What is Health Psychology?

Health Psychology is a sub-field of psychology that studies and investigates psychological impacts of behaviors, physical health, illness, and overall wellness.

While mental health is made up of a variety of factors, health psychology looks to understand how the physical processes, decisions, and other factor can influences overall mental health functioning. Many consider this field to be the intersection of mental and physical health.

The mind and body connection is a major focal point of this class in a variety of ways. Understanding and investigating the bi-directional relationship of the mind and body allows one to truly grasp the inter connectedness of the physical and mental aspect of ourselves.

Topics frequently covered in Health Psychology are:

  • The systems of the body
    • Central Nervous System
    • Endocrine System
    • Cardiovascular System
    • Respiratory System
    • Digestive System
    • Renal System
    • Reproductive System
    • Genetics
    • Immune System
  • Health Behavior & Primary Prevention
  • Modification of Health Behaviors
  • Health Enhancing and compromising Behaviors
  • Stress & Illness
  • Coping with Stress
  • Clients and the Treatment Setting
  • Management of Chronic Illness
  • Psychological Issues in Advancing and terminal Illness
  • Heart Disease, Hypertension, Stroke and Diabetes
  • Healthcare

Health psychology is useful in a variety of ways as it allows people to understand the implications of decision making.
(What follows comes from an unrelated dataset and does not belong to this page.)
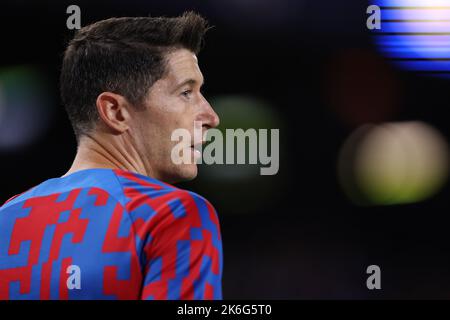 Barcelone, Espagne, 12th octobre 2022. Robert Lewandowski du FC Barcelone regarde pendant l'échauffement précédant le match de la Ligue des champions de l'UEFA au Camp Nou, à Barcelone. Le crédit photo devrait se lire: Jonathan Moscrop / Sportimage Banque D'Images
This can be as simple as how you feel when you eat an apple compared to a bag of cookies. Or looking at the psychological and physical ramifications of exercise, substance use, medications, stress, and more.

Making Changes

Behavioral modification is a key component of this class as well. Behavioral modification is essentially looking at some area of life and deciding to make changes. Here are some examples of behavioral modification that people often make:

  • Improving diet
  • Minimizing negative behaviors (such as smoking, drug use, arguing)
  • Increasing positive decisions (like exercise, eating healthy, reading/writing, volunteering, etc.)
  • Being more positive
  • Spending more time with family and friends
  • Improving sleep habits and hygiene
  • Self reflection
  • Traveling more
  • Saving money

Essentially, behavior modification is a way of changing something about yourself. Often, making changes to one’s self can be very difficult as it involves “unlearning” years of a certain behavior. For example, a 50 year old person who has been smoking since age 18 has to unlearn 32 years of habits, rituals, and behaviors. This is not always easy, particularity with something like smoking that has both physiological and psychological addiction.

Health Psychology will also discuss the unexpected changes in one’s life. With things like cancer, terminal illness, HIV/AIDS, major injury, mental health disorders, and more all having an impact on both physical and mental health. Understanding the psychological impacts that an illness or injury could have on a person involves ans analysis of social, biological, and emotional components.

Incorporating a variety of theories and techniques, Health Psychology takes on a very holistic approach and analyzes from biological, existential, social, behavioral, and developmental. A blend of ideologies, approaches, and explanations for health is generally implemented.

Nature and Nurture

A major part of understanding the mind-body connection is recognize both nature and nurture influences impact mental health and overall wellness.

Nature is basically a person’s genes, DNA, and body chemistry. These act as the blue print for creating a person. They will dictate the likelihood of having some sort of trait, disease, or characteristic, called a genetic predisposition. A person can not easily make changes to the “nature” elements of their body. It would require a serious genetic intervention, medication, or other major biological interaction. Essentially, your DNA is pretty set in stone, but this is only one area of development. Certain traits are more nature based, such as height, eye color, certain heritability for disease.

Nurture on the other hand is much more fluid and changeable. The factors that go into nurture are environmental influences. This includes things like:

  • Society
  • Parental Styles
  • Friends
  • Culture
  • Media
  • Trauma
  • Motivation
  • Religion
  • Siblings
  • Relationships
  • Decision Making
  • Much More

These factors have a tremendous influence on many areas of our development and are extremely important. These factors are important because we have much more control over them than nature components, where you basically get what you get. Here, a person’s decisions can help improve overall wellness and health.

Generally, people will discuss nature and nurture in the context of “nature vs. nurture.” This is not really accurate as the two really work together and are both factors. Depending on specific traits and each individual person, the percentage of influence from nature and nurture  can vary vastly. Both play a key role in how a person develops.

Health Psychology is a great opportunity for student’s to study a wide array of topics that all have an impact on our overall wellness and health. Use this class to help improve your self-awareness, decision making, mental and physical health, and overall self.